And here I thought I'd read a stupid story. So glad to see that I was way wrong. =D
person LaSharna
schedule January 29, 2009 at 12:00 AM
That was great, i really enjoyed the storyline and the plot well done, I look forward to reading more of your work
schedule July 10, 2008 at 12:00 AM
First, I just have to say that you are so incredibly cute. With the fuss you were putting up about this I was expecting something pretty graphic or intense and you're really only citrusy so far, no full fledged lemon. Not sure if you're planning to keep it on this level or plan to work your way up but either seems a viable and plausible way to go from here. Guess it just depends on what you're comfortable writing and also where you really want the story to go.

Without knowing the anime/manga it's hard for me to comment on characterization but within your story at least they are staying true to themselves and I haven't seen any random fluctuations that make me think 'where did that just come from?' You'd be surprised how rare that can be.
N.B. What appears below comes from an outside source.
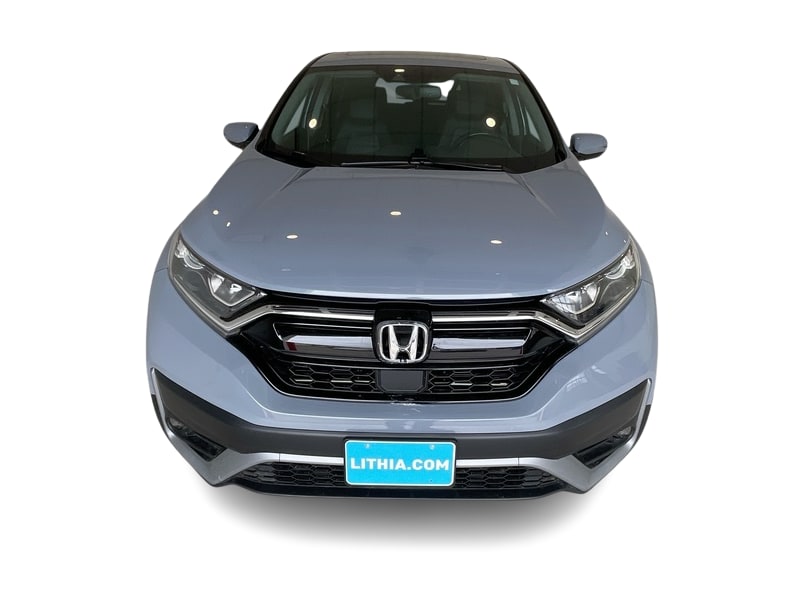 2021 Honda CR-V EX-L 5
You know it's good when a fanfic makes me want to go learn the original canon. ^_-

Your flow is good, the storyline is interesting, cohesive, and is THERE. Yay storylines! haha.

So though I don't yet know the background, will get to the anime one day, you've written well enough and interestingly enough that I'll definitely continue to follow along if you put any more additions on.

P.S. - as far as revisions: You switch Yako's sub-name between Hikaru and Hikari a few times. You also switch from past to present tense continually (though apparently I'm guilty of the same - isn't it funny how you can always see things in others that you're blind to in your own? well, it amuses me at least.) You've got a few misspellings and grammar issues but nothing that is so jolting it made me lose the flow of the story.